Religion and Homosexuality in the U.S.
This student project was a byproduct of research I began doing in 2006-07 on Chicago. Using the collections at the Gerber/Hart Library, I started to read through all of the Chicago GLBT newspapers and newsletters from the 1960s [mostly organizational newsletters] and the 1970s [lots of community/movement newspapers]. Much of what I encountered had a familiar ring to it. It was similar to what I had experienced as an activist in New York City in the 1970s and what I had encountered doing research on the homophile movement of the 1960s. But some of the content caught my attention as more than variations on common themes.
One thing in particular that grabbed me was how much attention was paid to religion. Some of this involved gay and lesbian community groups that were religiously-oriented – an early MCC congregation in the city, for instance, and chapters of groups like Dignity and Integrity that identified with a particular denomination. Some of it involved debates and developments within communities of faith about sexuality, sexual orientation, the place of gay men, lesbians, and bisexuals in the denominations, and the like. This didn’t square with my own experience of the era, in which religion figured barely at all. Was my surprise simply a reflection of my own biography, as someone who had early on discarded my religious affiliation on the route to self-acceptance? Had I simply not paid any attention to what was going on all around me in the sphere of the religious because it no longer was of personal concern to me? Apparently so!

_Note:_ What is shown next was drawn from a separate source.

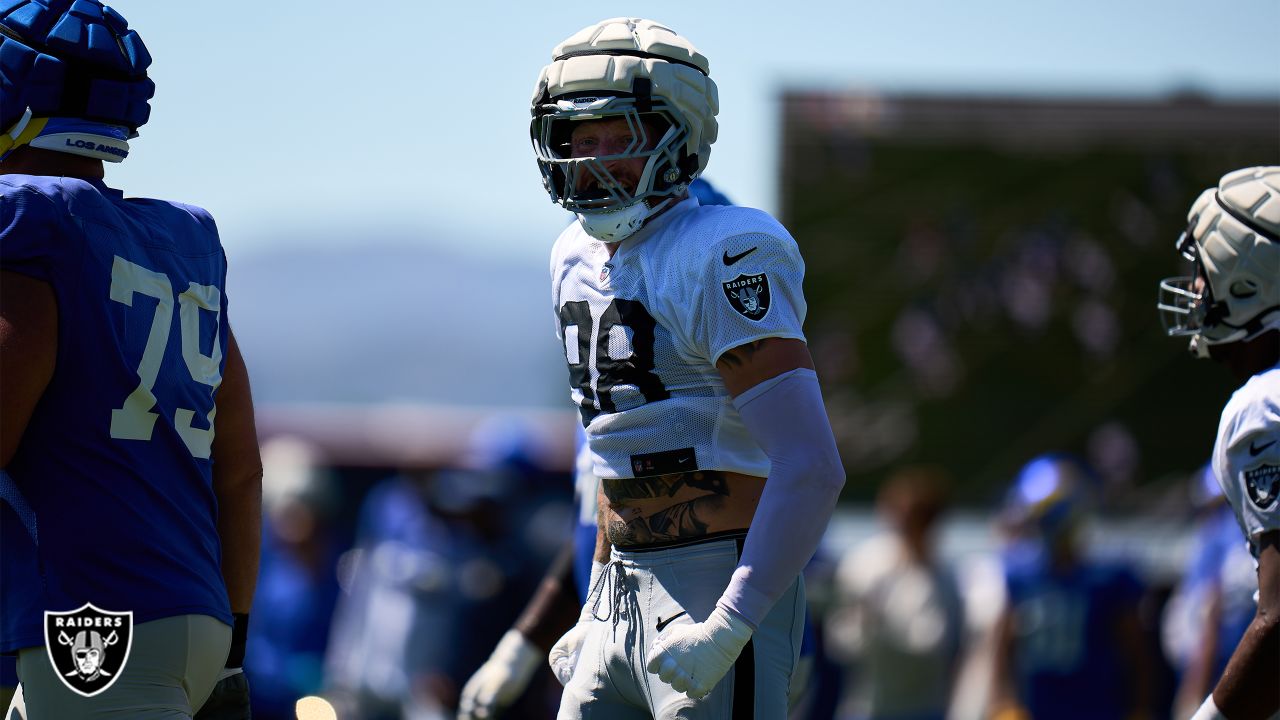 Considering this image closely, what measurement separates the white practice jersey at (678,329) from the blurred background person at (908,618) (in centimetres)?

In any case, partly to satisfy personal curiosity and partly to see how much more of a story there was than what appeared in Chicago’s queer community press, I set to work a couple of undergraduate students who had an interest in the intersection of sexuality and religion.
Gabrielle Anderson began doing the digging, doing searches of newspapers that were accessible on-line and available through our university library as well as web searches for information. She collected a huge amount of material, about a wide range of communities of faith.
Stephen Seely took it a next big step, doing both more research and starting to organize it into timelines by religious groups. Timelines of events by denominations seemed a good way to begin organizing the material, a route to getting a more-or-less “factual” sense of the terrain. These first five timelines were produced by him.
I hope these prove to be a starting point and a useful tool for more research and investigation on this topic. I have another student who will be continuing it this year by developing timelines for other religious groups and by searching for visual material to make it more interesting.